▶ _Provided data_
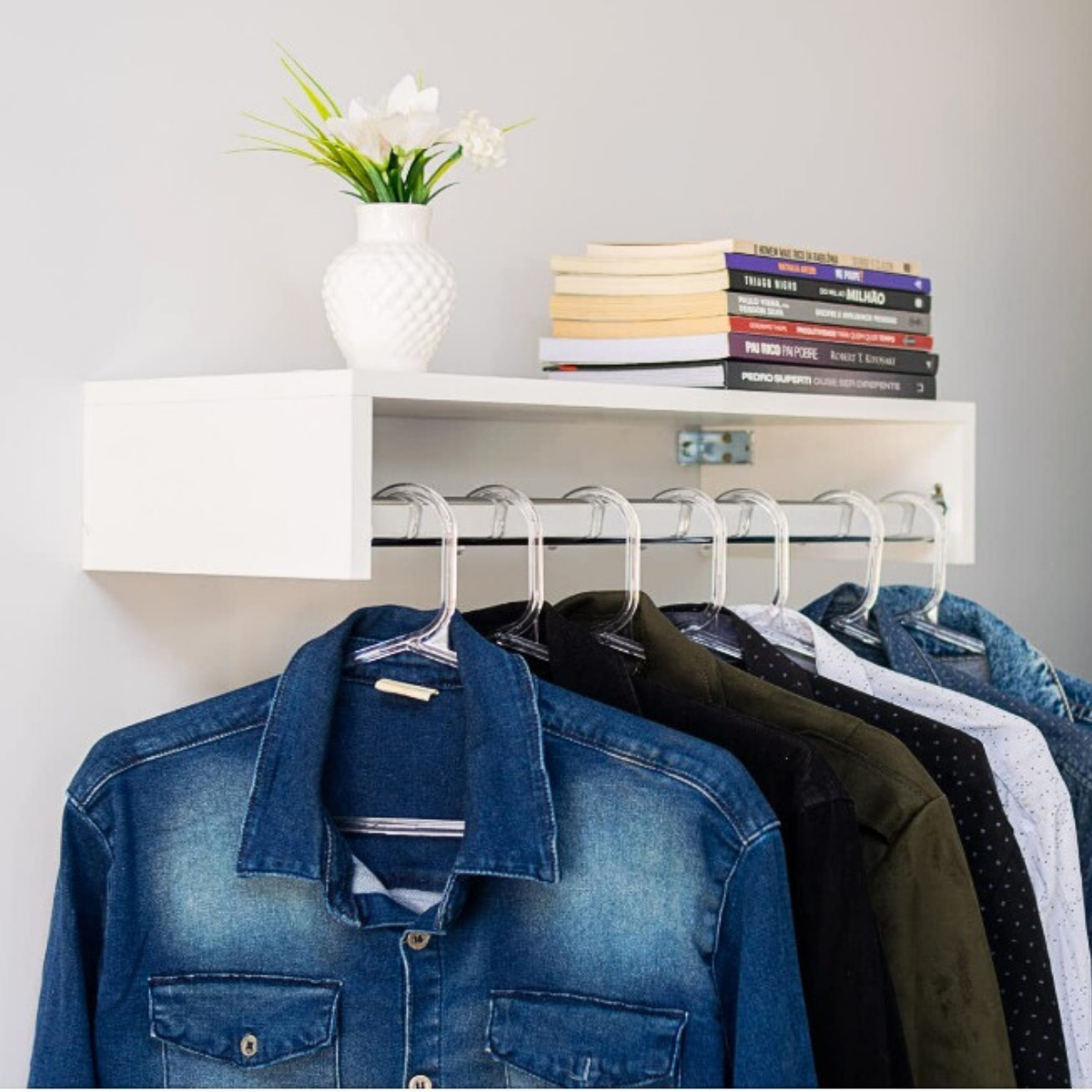 Cabideiro Arara de Roupas Parede Branca Preta Closet Organizador 60 Cm Suspensa Lavanderia Quarto - 3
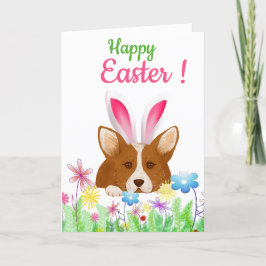 Happy Oaster | Corgi mit Ostersonnigen Ohren Funny Feiertagskarte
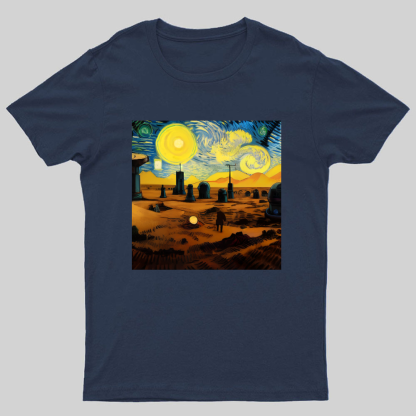 Starry Night in Mos Eisley Tatooine Nerdy T-Shirt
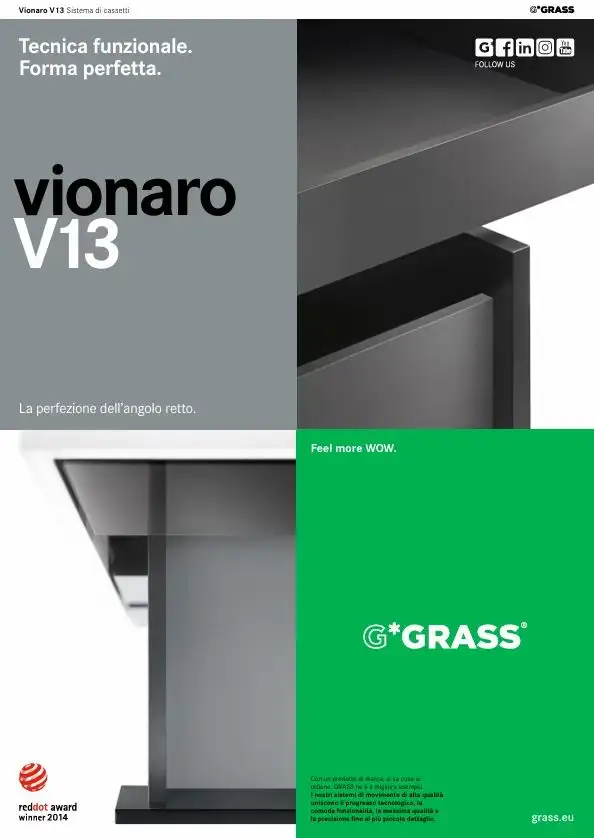 Sistema di cassetti Vionaro V13. Tecnica funzionale e forma perfetta di Grass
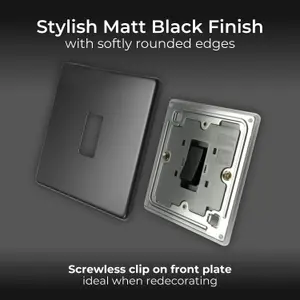 BG Flatplate Screwless 20A Single Intermediate Switch, Matt Black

▶ _Brief_
Skip the pictures and retype exactly the lines from the one that contains "Starry Night in" to the last line of the records.

▶ _Answer box_
 Starry Night in Mos Eisley Tatooine Nerdy T-Shirt
 Sistema di cassetti Vionaro V13. Tecnica funzionale e forma perfetta di Grass
 BG Flatplate Screwless 20A Single Intermediate Switch, Matt Black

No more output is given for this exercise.